おそらく、組織づくりの難易度の高さの要因の一つは、多種多様なスキルやバックグラウンドの人たちが協力しなければ実現できないことにあります。例えば、研究開発部には研究員とソフトウェアエンジニア、マネジャーである私が所属しています。つまり、部署に所属している人だけでも3種類の人々がいます。

さらに、部に所属している人だけで組織づくりをするわけではありません。採用や人事評価、研修のために人事にも協力してもらいます。外部への情報発信をする際にはブランディングやデザインを専門とする人たちの協力も不可欠です。

また、ビジネスに貢献するためにはプロダクトマネジャーやCS、営業、他の組織に所属するエンジニアとも協力し合います。つまり、組織づくりはその組織だけで完結する話ではないため、そうした点が難易度の高さにつながっているのかもしれません。

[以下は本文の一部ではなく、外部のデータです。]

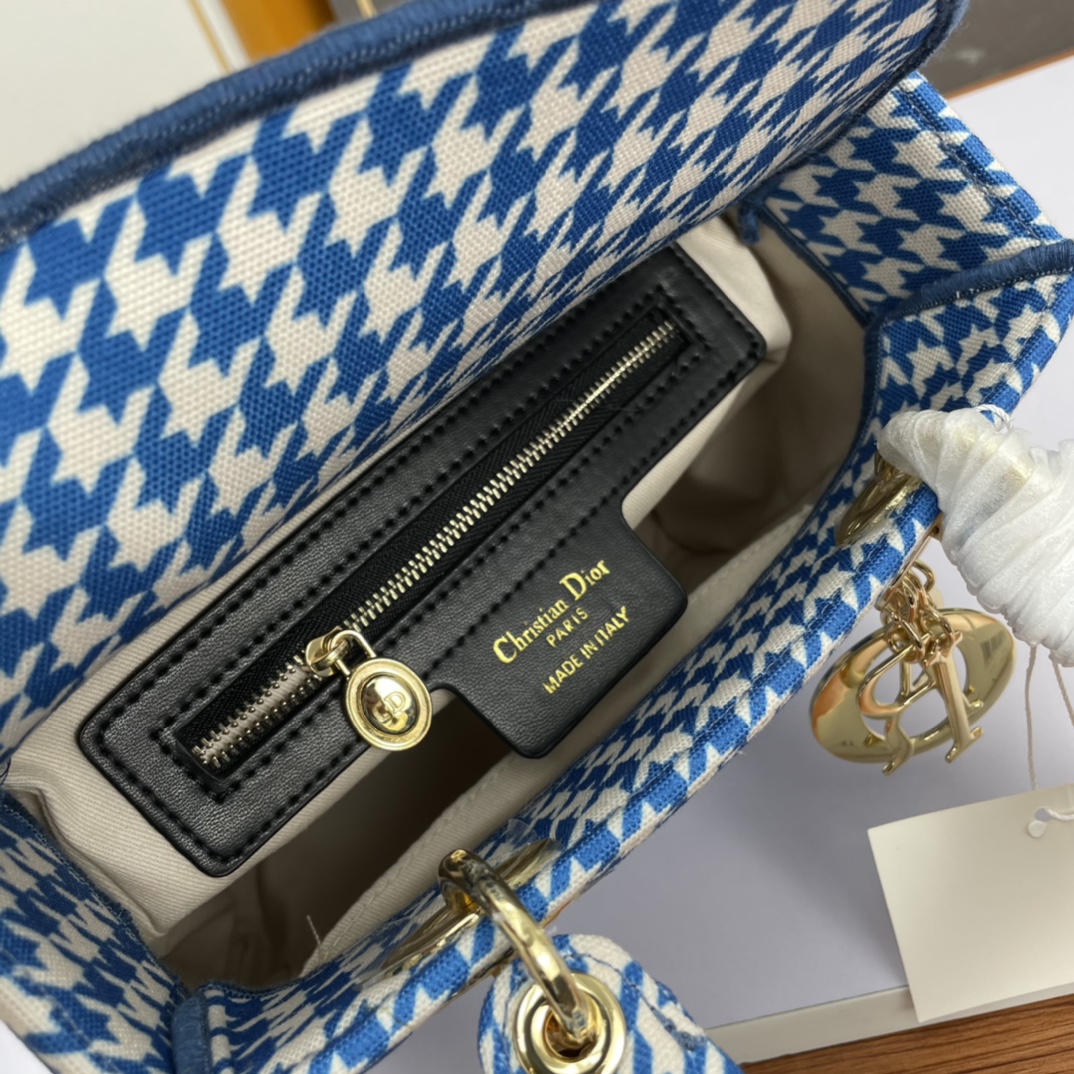 Dior The LADY D-LITE Bag AAA Quality
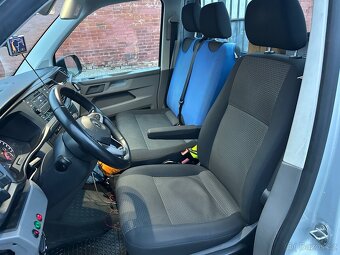 Odtahový speciál VW T6.1 Juzjade 2.0 TDI 110 kW - motor KO - 15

――となると、組織づくりにおいては、自部署だけではなくすべてのステークホルダーが活躍できるような環境の構築が必要になりそうですね。
そう思います。特に大切なのが、専門家がうまくワークする環境を作ることです。会社にはエンジニアや営業、人事といった専門領域に精通した人がたくさんいます。スペシャリストたちは素晴らしい能力を持っているので、その能力を適切に発揮できる環境を整備すれば、大きなアウトプットや良い結果に結びつくはずです。

――西場さんがそう強く思うようになった転機はありましたか?
前職でプロダクトマネジャーやチームの立ち上げ、事業責任者を経験したことが大きいです。プロダクトマネジャーは要件の定義や課題の発見、サービス品質の向上などを担いますが、自分で開発はしません。

つまり、エンジニアやデザイナーなどに活躍してもらわなければ良いアウトプットができない。その時に「ああ、自分は1人では何もできないな」と思いました。例えば、AI・機械学習チームの立ち上げも、データエンジニアの笹川裕人さんがいなければ絶対にうまくいかなかったです。

また人事の友永真弓さんとも密に連携して、一緒に組織づくりを行いました。事業責任者のときも同じです。私が方向性を示した後、実際にプロジェクトを動かしてくれるのは他のメンバーたちでした。現在、Sansanでも新しいことにチャレンジしていますが、周りの協力があるからこそ、新しいことができていると自覚していますし、一緒に働いている人たちに感謝しています。

情報発信することで、周囲を巻き込んでいく

――西場さんが周囲の人たちの協力を得るために工夫していることはありますか?
自分の考えや目指す方向性を常に言語化して、社内外のさまざまな人に伝えるようにしています。ミーティングなどで発言するだけではなく、積極的に文章にもまとめて社内Slackなどで情報発信しています。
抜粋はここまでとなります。